Fortunately, there is a real way out of this conundrum. It requires this
industry to embrace the founding rationale for the IAB, articulated 20 years ago by our forefathers and foremothers. We must create new operating standards – consumer-friendly rules of the road
that regulate how we will operate our sites, our advertising, and our delivery. And we must develop technical standards that will realize these guidelines effectively and efficiently.
LEAN IN
This will not be easy. Unlike every other major medium, the Internet is a collectively owned and managed enterprise. Whereas a broadcast television network
controls and maintains rigorous standards for everything a consumer sees on its channel, an Internet page is a cobbled-together assembly of parts, managed by perhaps dozens of independent businesses,
each contracted individually by the publisher, agencies, and marketers. Some of these entities supervise the content you see; some administer and analyze the invisible data that governs, measures, and
optimizes how and to whom the content is delivered.

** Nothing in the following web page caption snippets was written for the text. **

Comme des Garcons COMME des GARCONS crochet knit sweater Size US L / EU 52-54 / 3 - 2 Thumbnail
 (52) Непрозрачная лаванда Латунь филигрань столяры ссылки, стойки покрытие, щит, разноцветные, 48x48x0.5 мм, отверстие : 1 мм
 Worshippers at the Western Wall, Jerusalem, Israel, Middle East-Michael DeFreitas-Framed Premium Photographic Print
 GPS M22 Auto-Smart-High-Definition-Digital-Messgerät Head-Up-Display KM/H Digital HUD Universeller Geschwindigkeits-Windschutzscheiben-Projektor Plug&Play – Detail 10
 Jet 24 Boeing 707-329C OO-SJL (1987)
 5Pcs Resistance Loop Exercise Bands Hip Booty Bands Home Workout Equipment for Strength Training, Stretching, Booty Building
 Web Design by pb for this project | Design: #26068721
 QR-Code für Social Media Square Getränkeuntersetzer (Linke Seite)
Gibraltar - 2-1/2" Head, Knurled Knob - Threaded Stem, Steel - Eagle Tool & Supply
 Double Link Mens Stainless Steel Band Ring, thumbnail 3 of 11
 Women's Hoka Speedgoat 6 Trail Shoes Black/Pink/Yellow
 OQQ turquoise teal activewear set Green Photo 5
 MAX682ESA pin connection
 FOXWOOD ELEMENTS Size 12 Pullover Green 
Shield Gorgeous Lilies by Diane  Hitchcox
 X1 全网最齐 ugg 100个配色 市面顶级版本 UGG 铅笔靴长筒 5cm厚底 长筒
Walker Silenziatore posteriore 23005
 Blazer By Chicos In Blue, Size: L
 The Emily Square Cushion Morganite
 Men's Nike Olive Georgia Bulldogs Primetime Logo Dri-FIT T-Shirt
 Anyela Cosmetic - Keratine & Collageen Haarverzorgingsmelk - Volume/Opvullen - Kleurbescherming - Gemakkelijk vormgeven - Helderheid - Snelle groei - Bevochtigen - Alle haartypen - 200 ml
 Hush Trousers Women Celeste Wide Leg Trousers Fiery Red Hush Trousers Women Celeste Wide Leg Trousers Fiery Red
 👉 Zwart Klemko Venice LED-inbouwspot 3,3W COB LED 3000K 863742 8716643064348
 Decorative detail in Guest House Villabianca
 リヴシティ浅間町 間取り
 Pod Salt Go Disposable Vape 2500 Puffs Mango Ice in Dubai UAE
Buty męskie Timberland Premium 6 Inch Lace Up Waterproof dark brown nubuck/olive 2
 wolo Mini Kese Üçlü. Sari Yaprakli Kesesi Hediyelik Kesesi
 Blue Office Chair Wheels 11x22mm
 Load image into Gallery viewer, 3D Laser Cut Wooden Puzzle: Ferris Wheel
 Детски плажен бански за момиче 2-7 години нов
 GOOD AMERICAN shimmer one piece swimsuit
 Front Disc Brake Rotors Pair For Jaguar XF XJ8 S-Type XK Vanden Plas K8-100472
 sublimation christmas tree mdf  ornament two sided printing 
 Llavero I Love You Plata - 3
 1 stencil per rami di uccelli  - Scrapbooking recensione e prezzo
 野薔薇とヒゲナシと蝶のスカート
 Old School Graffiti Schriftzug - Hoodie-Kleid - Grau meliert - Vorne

This decentralized cauldron of innovation requires a new set of guiding principles. That is why the IAB and the IAB Tech Lab
developed the LEAN Principles.
LEAN stands for advertising and ad operations that are light, encrypted, AdChoices-supporting, and non-invasive. We believe LEAN will be
as important to the future of the digital advertising industry as the first IAB Universal Ad Package was to its creation.
Scott Cunningham will talk much more about LEAN
this afternoon, in the Town Halls, and on this stage tomorrow. But please know this now: We intend to make LEAN the foundation of IAB’s activities for the foreseeable future. And among our very
first goals is introducing a public LEAN scoring system by which all publishers, all advertisers, and all agencies will be able to measure their activities against rational, reasonable, and
consumer-friendly performance benchmarks.
LEAN is the basis for a sustainable advertising ecosystem. We firmly believe that a combination of LEAN advertising and media,
and publisher implementation of detection-notice-choice-and-constraint, will limit the impact of ad-blocking.
But more importantly, an embrace of LEAN principles will
bring this industry back to the rational center – focused on making money, to be sure, but cognizant that successful businesses require long-term attention to and concern for the users
themselves. Remember that those users represent all races and creeds, and that their happiness success means your success and happiness, too.